TASK INSTRUCTIONS - No pictures, please. Copy exactly the lines from the one with "IT-Berufliches Rad der" through the final line below.

SOURCE DATA -
================
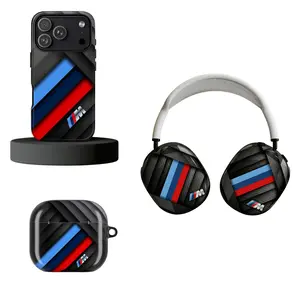 Carbon Fiber Edition M-Sport Series Tech Accessory Set - Custom Protective Case for iPhone, SamSung, AirPods Pro, and Headphones Compatible with iPhone & AirPods, Durable Protective Cover, acing Stripe Car Design for iPhone, Samsung
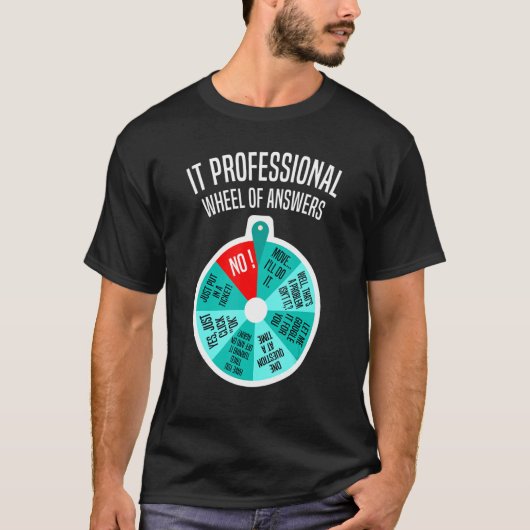 IT-Berufliches Rad der Antworten Funny Tech Karo T-Shirt (Vorderseite)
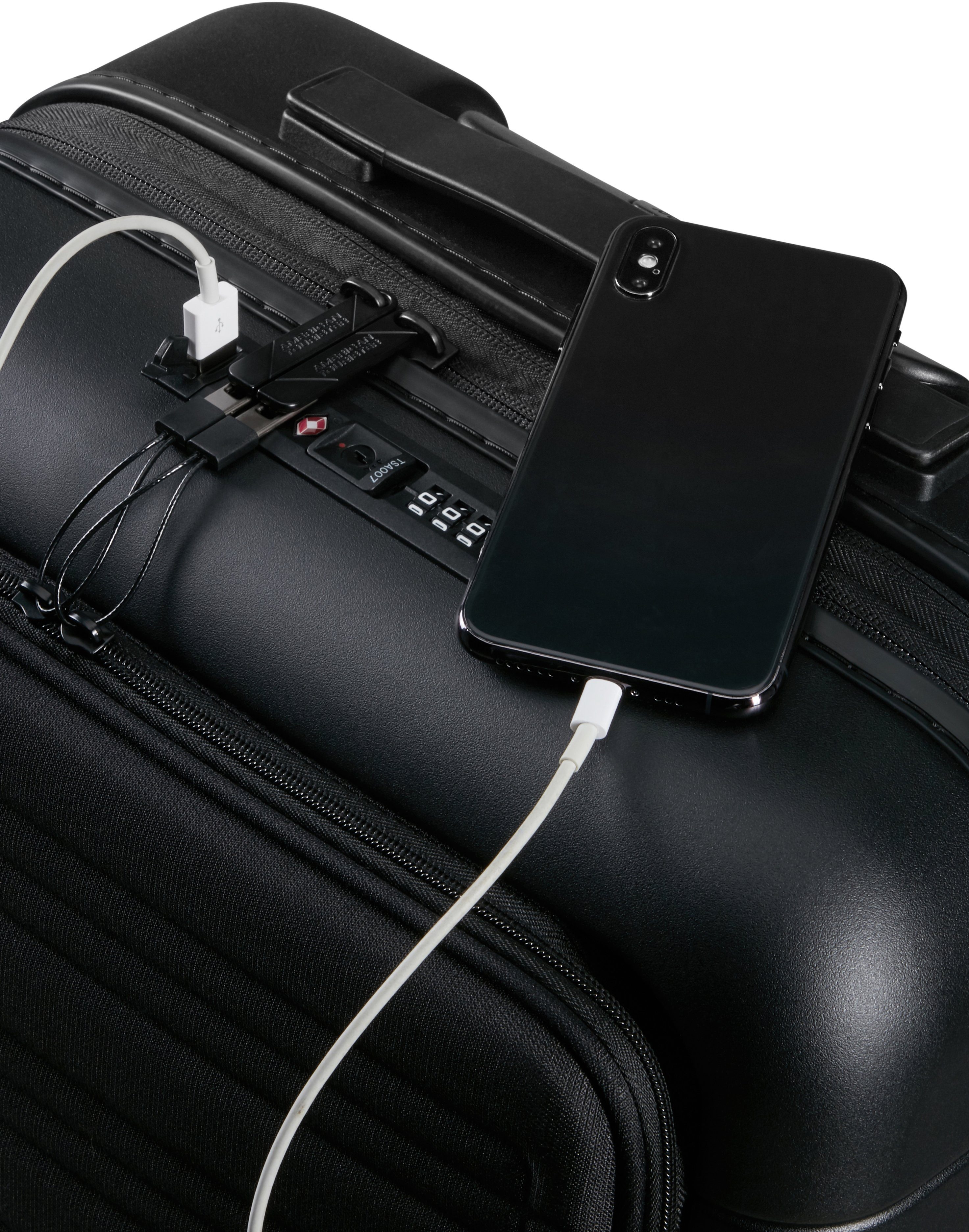 American Tourister® Novastream smart, Slate cm, Volumenerweiterung Dark mit USB-Schleuse Hartschalen-Trolley 55 und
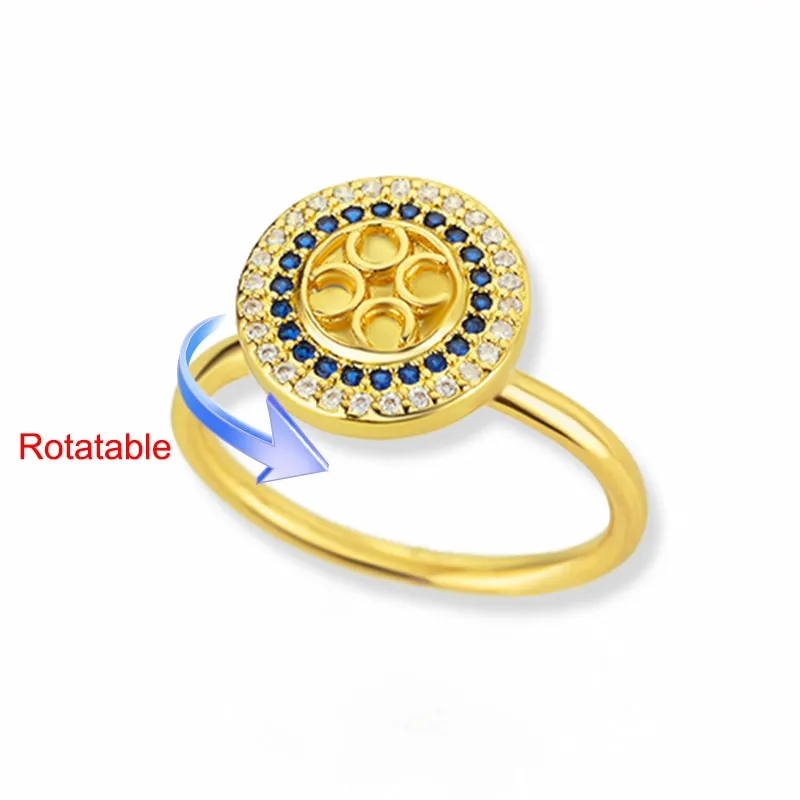 Rotating Four Clover Adjustable Rings Stainless Steel Wedding Ring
================
WORKED SOLUTION -
 IT-Berufliches Rad der Antworten Funny Tech Karo T-Shirt (Vorderseite)
 American Tourister® Novastream smart, Slate cm, Volumenerweiterung Dark mit USB-Schleuse Hartschalen-Trolley 55 und
 Rotating Four Clover Adjustable Rings Stainless Steel Wedding Ring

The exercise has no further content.